The power of the unseen in cinema is paradoxical. For all that film can touch us, break us out in goosebumps, provoke us to tears or screams or laughter, we ingest it through our eyes first. It is a deeply ocular-centric medium. So what happens when we are denied this visual input, left instead to ponder at the possibilities of the hidden? Luis Buñuel’s famous box scene in Belle de Jour, with its legacy of discussion, confusion and delight, illustrates the grip of the unseen on audiences. The film centres on Séverine, a beautiful bourgeois woman beset by masochistic erotic fantasies, who begins working in a brothel. In this scene, a man comes to her seeking custom, bringing with him a small ornate box. The shot in question frames Séverine and the man on either side of the box, as she opens the lid away from the camera. The staging is highly presentational, save for the inside of the box. We see the man and Séverine in the centre of the frame, bodies turned toward the camera. They are highly available to our eyes, a rich tapestry for perception. Séverine’s white bra, the customer’s business attire, even the ornate exterior of the box - all give us data to mine, clues on the characters’ motives and inner lives.
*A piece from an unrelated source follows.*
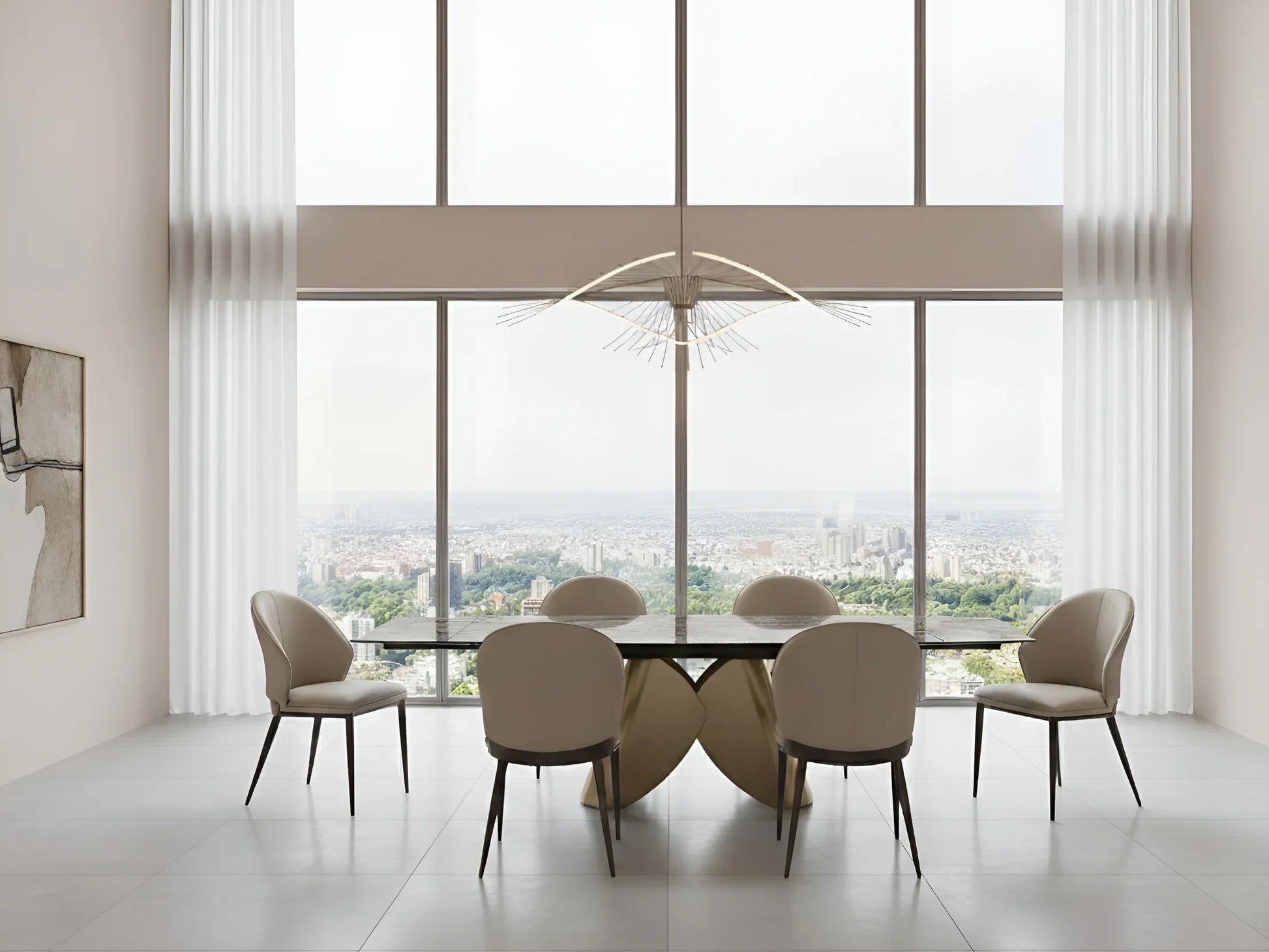 Luxury Modern Italia Dining Table European Style for Villa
Indeed, much of Buñuel’s film is a visual treat: Séverine’s Yves Saint Lauren outfits, its lavish Parisian locales. And yet, it’s the hidden object(?) inside the box that captures our fascination. A buzzing sound can be heard from within, high-pitched and insectile, but we are never treated to the surely shocking visual inside the container. This moment of unsatisfied suspense, so simply rendered in a static mid-close up, is deeply captivating precisely because, deprived of visual confirmation, our imagination is given room to meet the film in its perversion. Is the box merely a metaphor for the woman as an empty vessel, a yonic symbol of mystery? Is it filled with aphrodisiac insects, ready to bite Séverine and send her into a frenzy? Is the buzzing sound diegetic, or a red herring?


All of the film’s sex scenes are similarly unseen, perhaps extending our foray into fantasy and conjecture. What we are treated to instead is moments of aftermath - in this case, Séverine sprawled face down on the bed, the bottom half of her body covered with a white sheet. A worker in the brothel enters the room, finds a bright red spot of blood on a towel. A lamp on the table next to the bed is askew. These items provide clues, but the real mystery in this scene is Séverine’s face. When she lifts her head, her expression is inscrutable. The sides of her mouth gently slope up; the edges of a smile. Is she satisfied? In shock? Though we see her face, her mind, her true feelings, are unseen; enigmatic.


This all aligns with Buñuel’s devotion to the surreal. Buñuel is known to oppose psychological interpretations of his films, preferring his audience to embrace the unknowns of the film experience rather than explain them away with Freudian dissection. Buñuel’s sly crediting of ‘the marvellous whores’ of Belle de Jour with the film’s success, rather than his own direction, points to an understanding of the primacy of looking, rather than analysing, within his oeuvre. The unseen heightens the seen, enticing the audience deeper into Belle de Jour’s visual pleasures, rather than away from them. Perhaps Belle de Jour’s box contains something more surreal than we can picture, perhaps it contains nothing. This unknowability is its true power – it brushes us up against the limits of our own imagination.